**Dataset extract:**
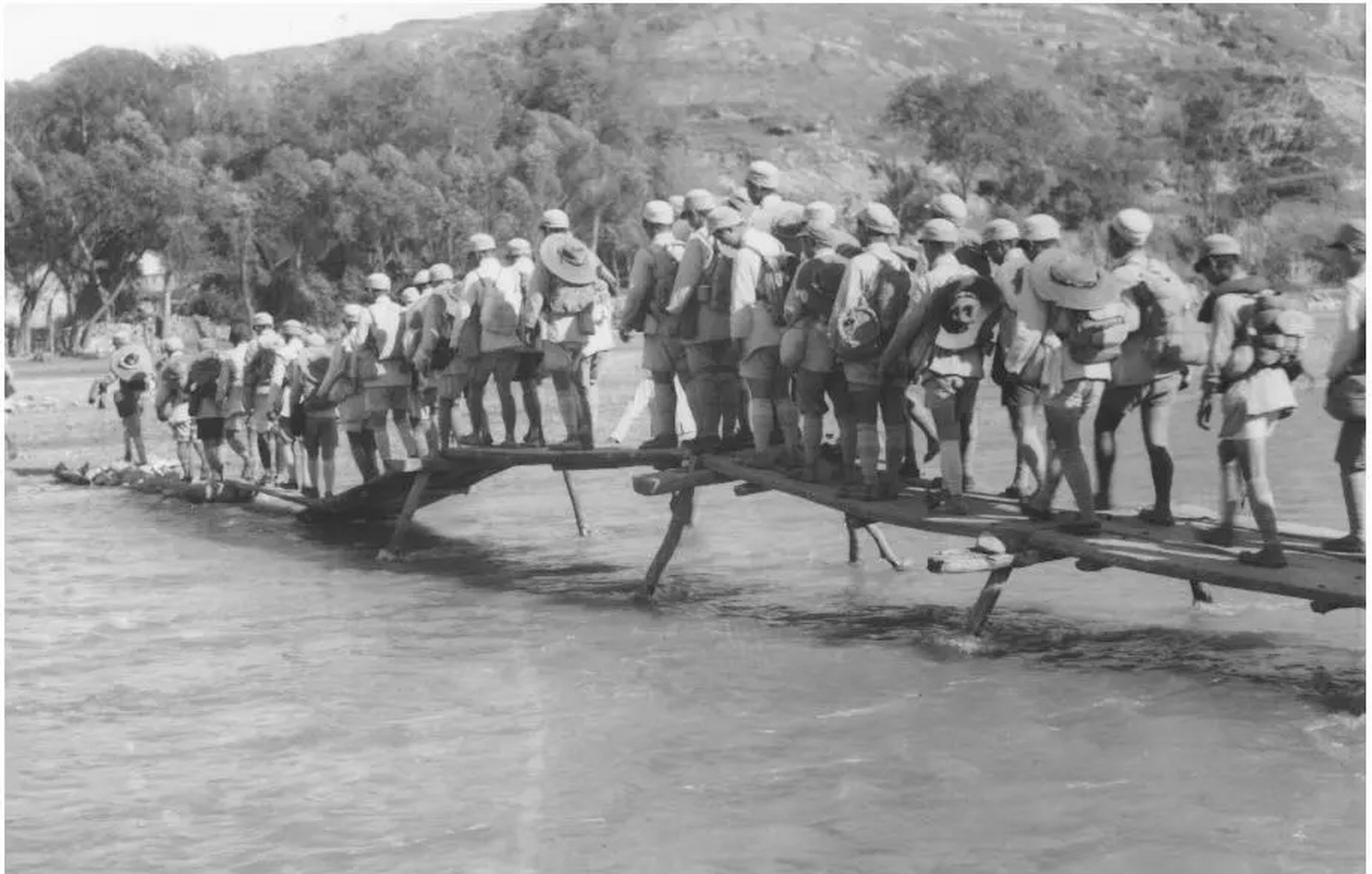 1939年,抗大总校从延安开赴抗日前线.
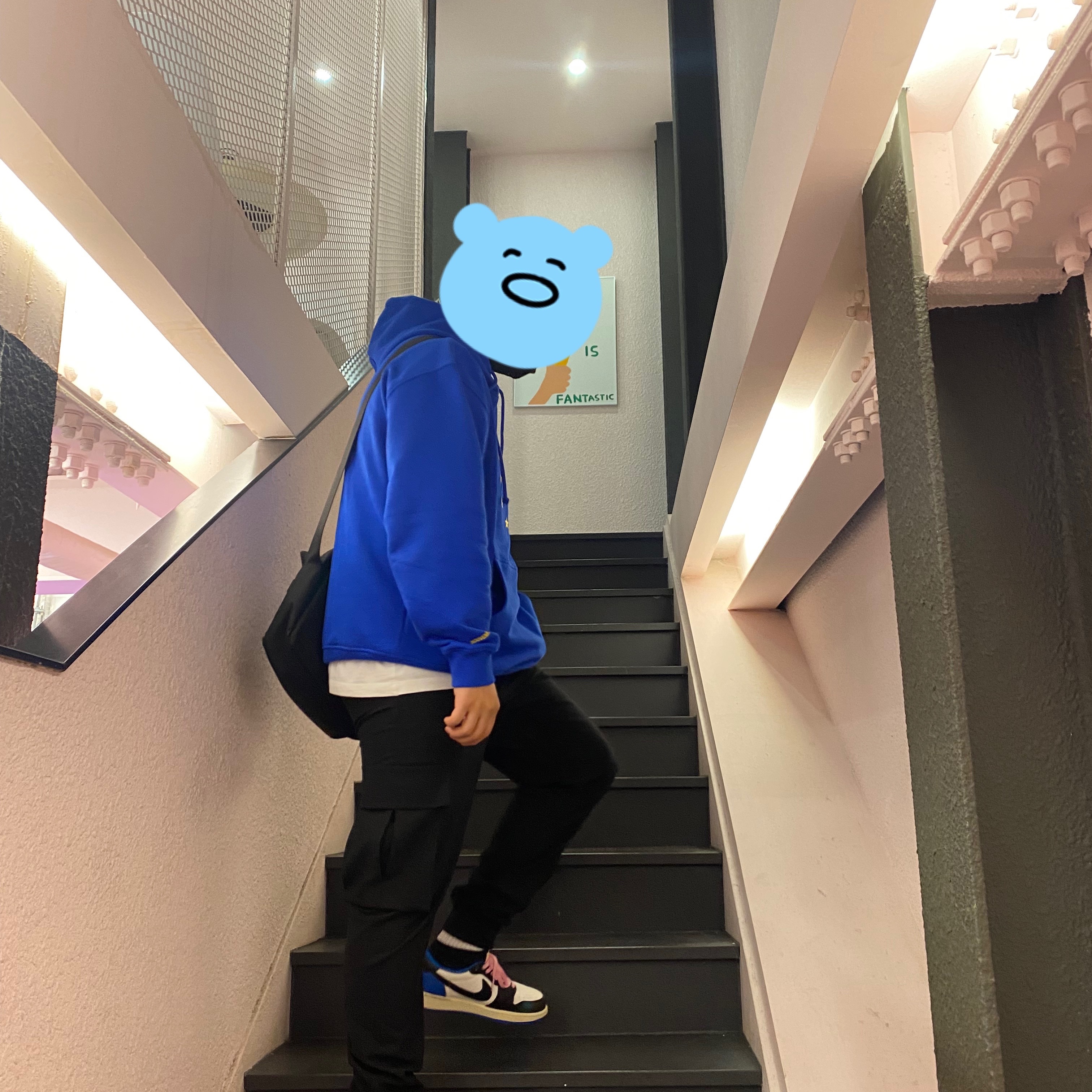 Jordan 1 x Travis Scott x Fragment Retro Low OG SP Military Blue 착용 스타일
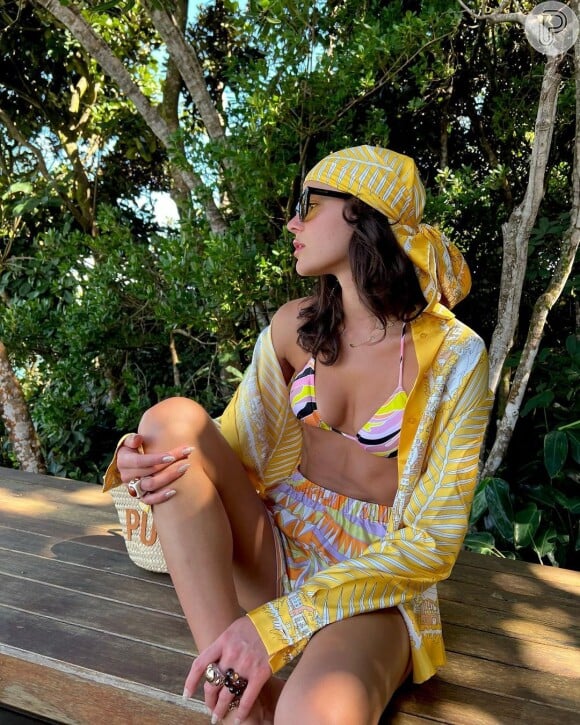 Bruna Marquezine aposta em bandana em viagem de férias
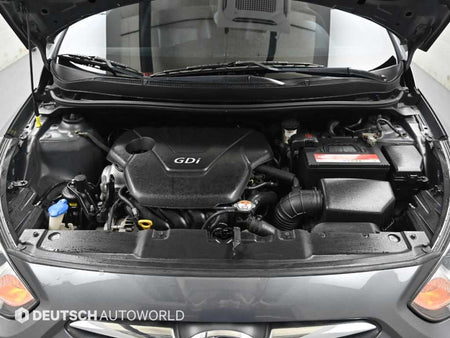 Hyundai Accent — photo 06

**Work request:** Reproduce the listing verbatim, and keep the pictures out of the copy.

**Task solution:**
 1939年,抗大总校从延安开赴抗日前线.
 Jordan 1 x Travis Scott x Fragment Retro Low OG SP Military Blue 착용 스타일
 Bruna Marquezine aposta em bandana em viagem de férias
 Hyundai Accent — photo 06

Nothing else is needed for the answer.